Failed management by endoscopy should be followed by surgical intervention. Nearly 73% of patients have undergone surgical intervention for Bouveret's syndrome, 61% of which was compelled by failed endoscopic intervention [17]. Laparoscopic approach, which was first performed successfully for Bouveret’s syndrome in 2005, now accounts for 6% of the cases overall [8, 18]. Surgical approach is typically by gastrostomy, as in our patient. If the stone is impacted in the distal duodenum or if the initial gastrolithotomy is unsuccessful, endoscopic translocation of the stone distally to the jejunum can allow for attempted jejunal enterolithotomy. Importantly, duodenotomy is not recommended due to the retroperitoneal orientation of the 2nd to 4th parts of the duodenum. In a unique case, Hanandeh et al. managed a case of Bouveret’s syndrome by a duodenotomy in the lateral anti-mesenteric border of the 2nd part of the duodenum after failed trails of stone extraction via the stomach or the jejunum [19]. The defect at the enterotomy site is commonly sutured by primary closure. Bowel resection or Roux-en-Y duodenojejunostomy, in the case of a duodenotomy, is rarely needed for reconstruction [7]. Surgical management of Bouveret’s syndrome should also include deliberate inspection of the entire intestine for other ectopic gallstones that would thwart recovery of bowel function post-operatively [6, 7, 11, 13].
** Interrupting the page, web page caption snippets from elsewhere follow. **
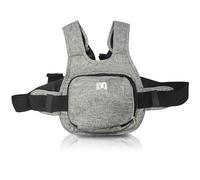 Cintura di sicurezza per motocicli, paraschiena per bambini con borsa cintura regolabile pettorina di sicurezza strisce riflettenti seggiolino per bambini tra 10 anni (grigio)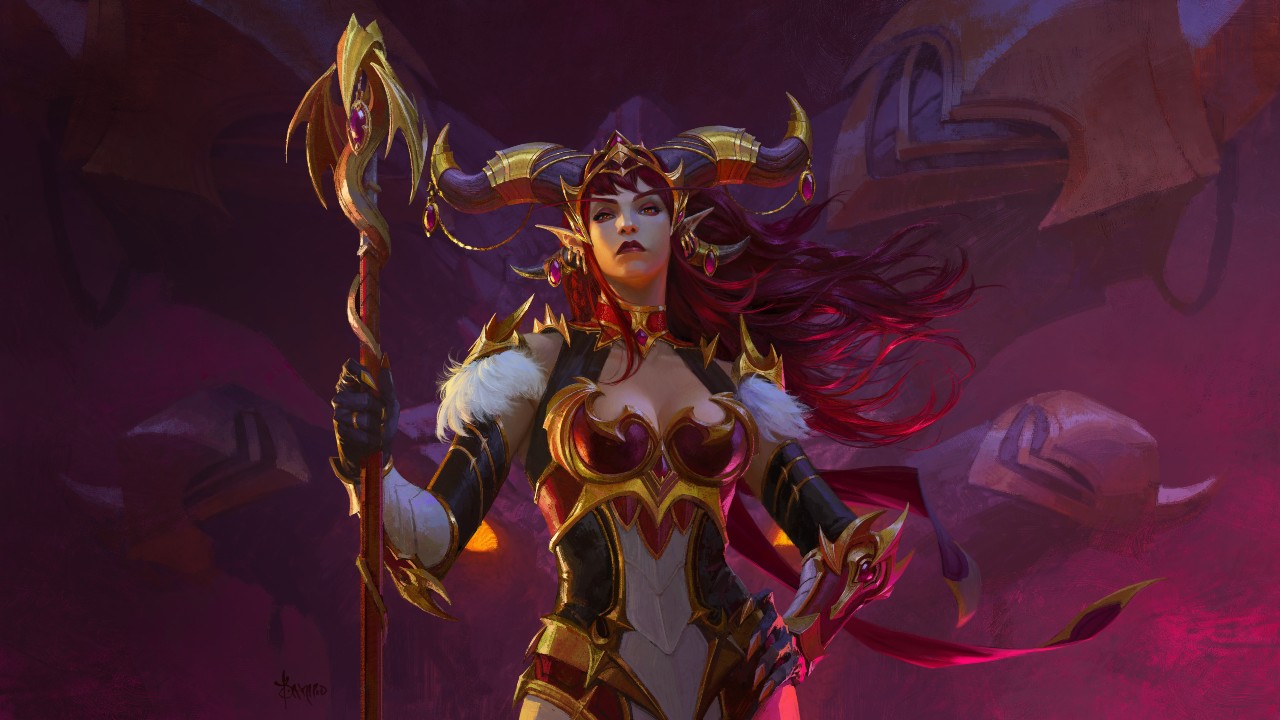 Alexstrasza from World of Warcraft: Dragonflight - both in her Visage and Dragon form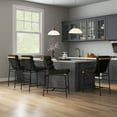 thumbnail image 3 of Guyou Linen Bar Stools Set of 2, 25 " Modern Upholstered Counter Height Bar Stools with Deep Channel Tufted Back, Armless Counter Stool with Black Metal Legs for Dining Room Kitchen Island, Black, 3 of 11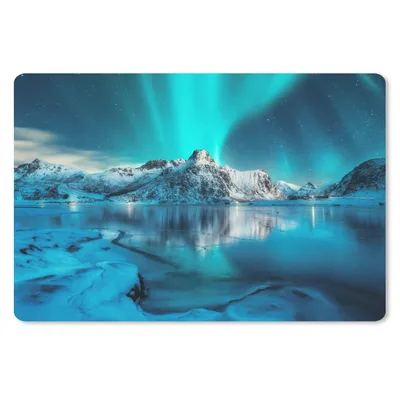 Produktbild von MuchoWow® Mauspad Mousepad Nordlicht - Eis - Schnee - Norwegen - Blau - Berge 27x18 cm - Mousepads - Maus Mat - Pad - Mausunterlage - Büroartikel - Desk Matten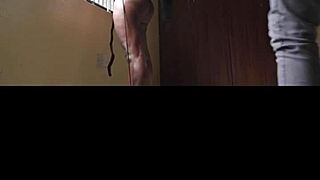 Blindfolded Woman in Leggings Moans During Punishment Indoors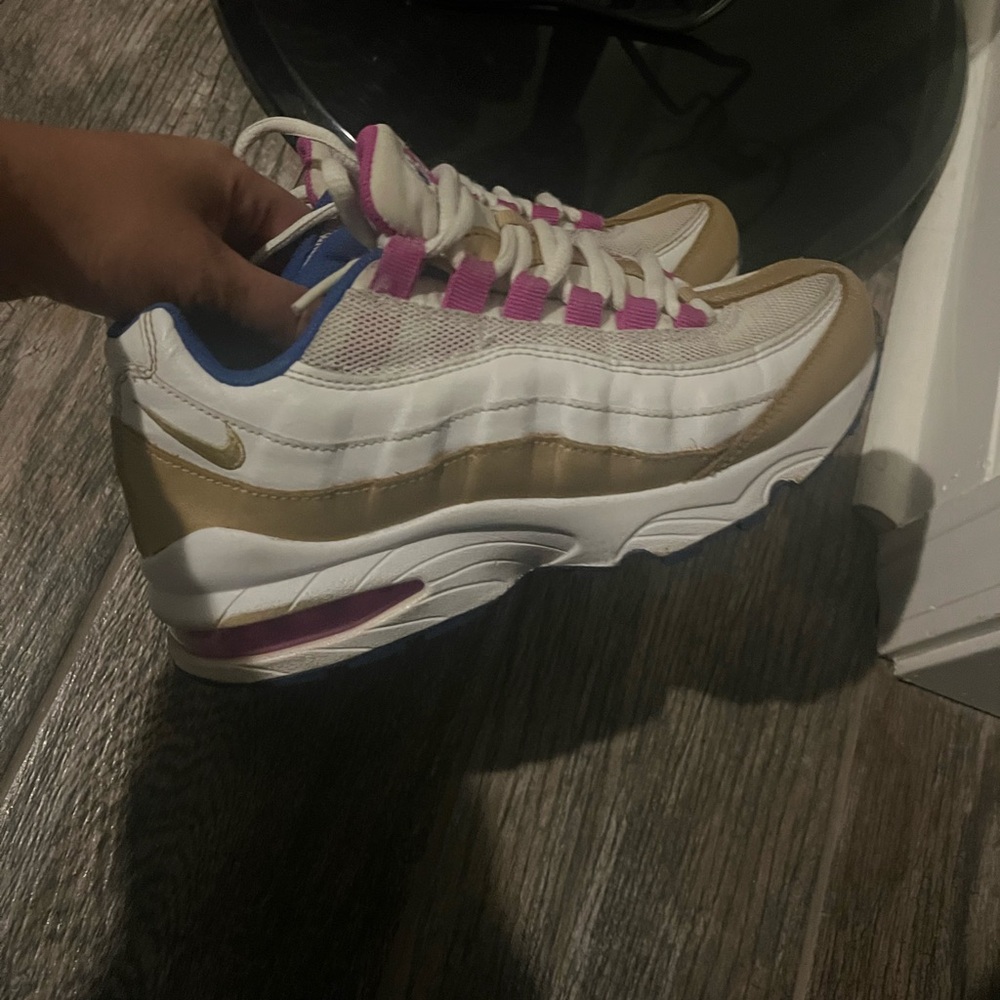 Nike Women's Air Max 95 - White, Gold, and Pink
There is on-going debate regarding cholecystectomy with fistula repair during or following surgical management of an ectopic stone. Proponents of the complete surgical management argue that spontaneous fistula closure is thought to promote a dysfunctional scleroatrophic gallbladder more prone to stone recurrence, infection, and cancer [7]. Pointing to gallstone ileus as a correlate, it has been shown that those patients who underwent enterolithotomy without cholecystectomy/fistulectomy had a 4.2–8.2% risk of recurrent stone-related complications, with an associated mortality of 12–20% [20, 21]. Though they may be instructive, these data are predicated on studies of gallstone ileus rather than Bouveret’s syndrome explicitly.
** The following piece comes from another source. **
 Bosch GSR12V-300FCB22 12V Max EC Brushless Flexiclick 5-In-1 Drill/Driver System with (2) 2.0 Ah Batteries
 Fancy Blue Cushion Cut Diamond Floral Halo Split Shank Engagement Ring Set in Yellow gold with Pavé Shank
Ultimately, the decision must be tailored to the patient. To that end, many authors agree that advanced age and serious medical comorbidities, which would not be unexpected in the demographics afflicted by Bouveret’s syndrome, should have simple stone extraction and be observed, unless there is a high suspicion for underlying malignancy [7]. Surgery is considered strongly if the patient is young and healthy, if malignancy is strongly suspected, or if malignancy is present and amenable to surgical excision. This is most safely carried out in a two-staged procedure, with a delay of several weeks from relief of the obstruction from the impacted stone to allow for resolution of the inflammatory milieu [22]. Given our patient’s age, the lack of symptoms post-operatively, and the lack of concern for malignancy, cholecystectomy and fistula-take down were not pursued by our surgical colleagues. Admittedly, while the duodenal ulcer seen on endoscopy was thought to be due to pressure-related changes from stone impaction, malignancy was not ruled out by tissue sampling, and the patient—reassured by his improvement after stone extraction and lack of changes on surveilling cross sectional imaging—declined further endoscopic diagnostic tests to that end.

In sum, we have presented a case of the rare Bouveret’s syndrome with additional and notable atypical features: its occurrence in a male instead a female, at a younger age than median diagnosis and with a cholecystogastric instead of a cholecystoenteric fistula. Nevertheless, it serves to illustrate several important features of what can otherwise be a nefarious clinical picture of ectopic gallstone-associated luminal disease. Given the protean nature of gastric outlet obstruction and lack of obligatory antecedent gallbladder symptoms in Bouveret’s syndrome, a high index of suspicion is necessary. Endoscopic approach should be the first-line of treatment considering that it usually presents in geriatric patients with multiple comorbidities. Surgical approach via a gastrolithotomy or an enterolithotomy would be indicated if endoscopic treatment failed. The decision to perform a cholecystectomy with fistula take-down must be tailored according to each patient’s condition.